WORK TASK —
Only one stretch of the data below should be repeated: the lines from the line containing "字母印花宽松休闲长袖T恤女春秋韩版显瘦打底衫上衣" through the line containing "For OPPO Ace2", inclusive, exactly as they are.

RECORDS FOR THE TASK —

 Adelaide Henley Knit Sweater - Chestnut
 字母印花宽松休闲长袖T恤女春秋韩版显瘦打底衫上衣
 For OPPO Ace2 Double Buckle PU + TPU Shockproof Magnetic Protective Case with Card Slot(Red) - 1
--
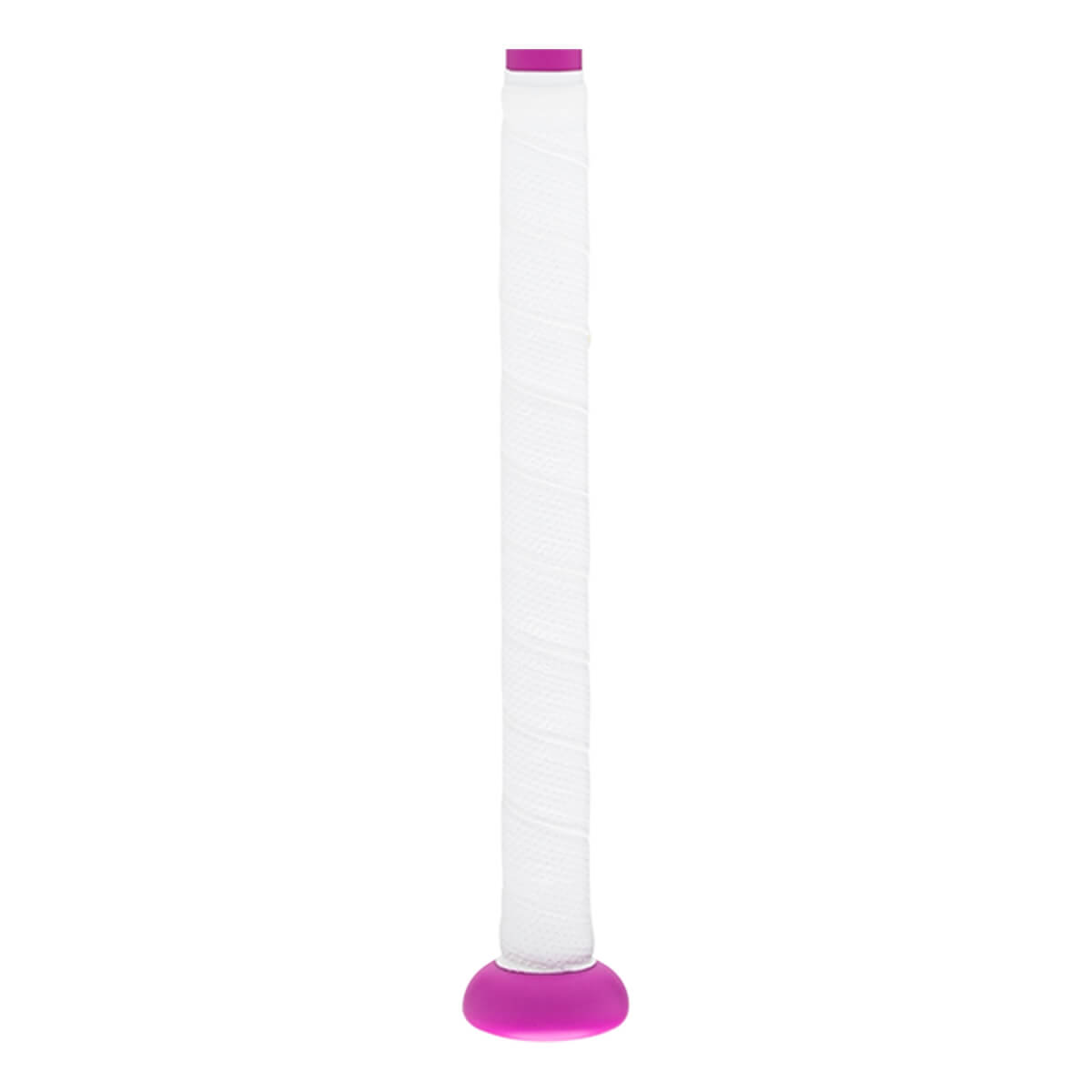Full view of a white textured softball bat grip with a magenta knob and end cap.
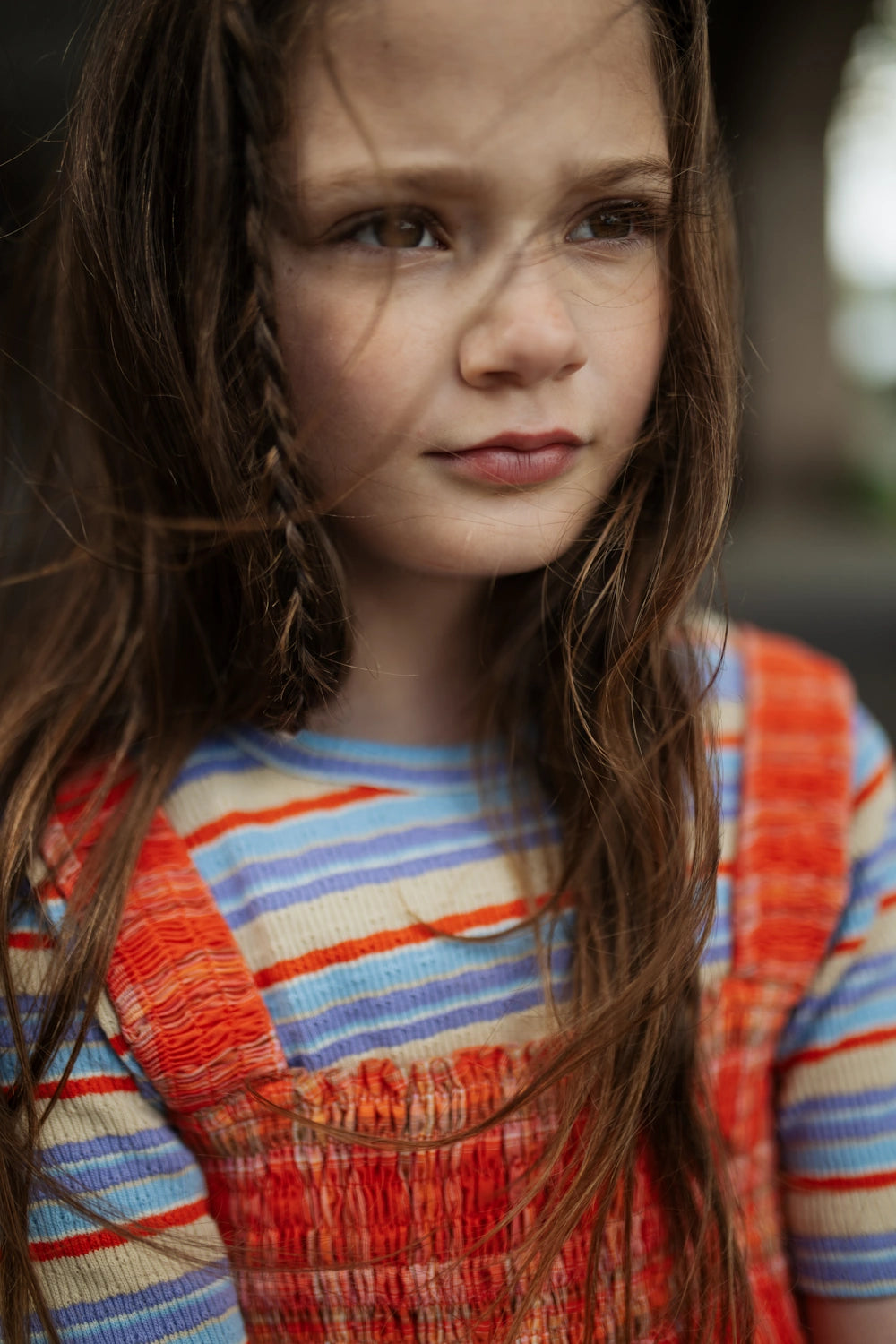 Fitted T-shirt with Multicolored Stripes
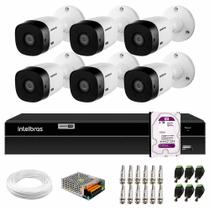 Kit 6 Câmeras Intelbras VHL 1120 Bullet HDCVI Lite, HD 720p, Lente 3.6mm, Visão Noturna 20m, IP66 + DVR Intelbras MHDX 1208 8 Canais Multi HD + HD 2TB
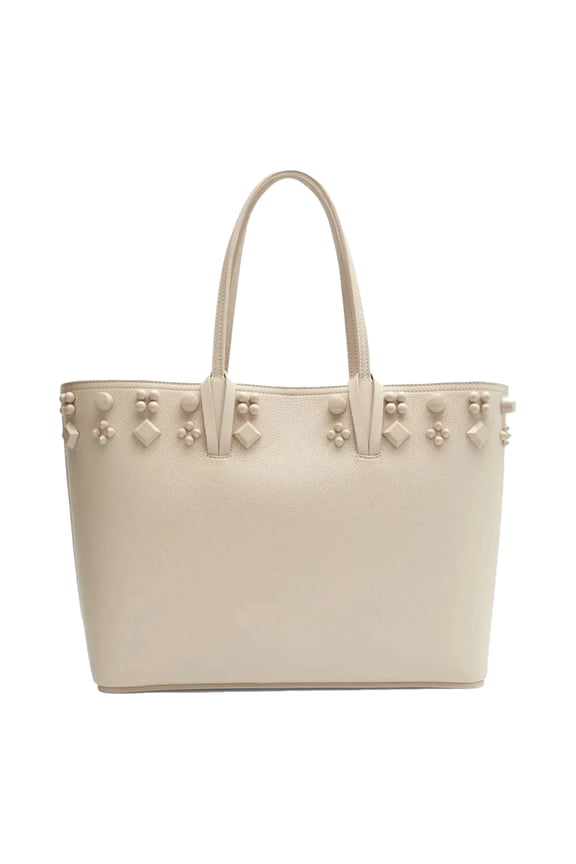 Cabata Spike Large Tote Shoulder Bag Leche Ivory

TASK RESULT —
 字母印花宽松休闲长袖T恤女春秋韩版显瘦打底衫上衣
 For OPPO Ace2 Double Buckle PU + TPU Shockproof Magnetic Protective Case with Card Slot(Red) - 1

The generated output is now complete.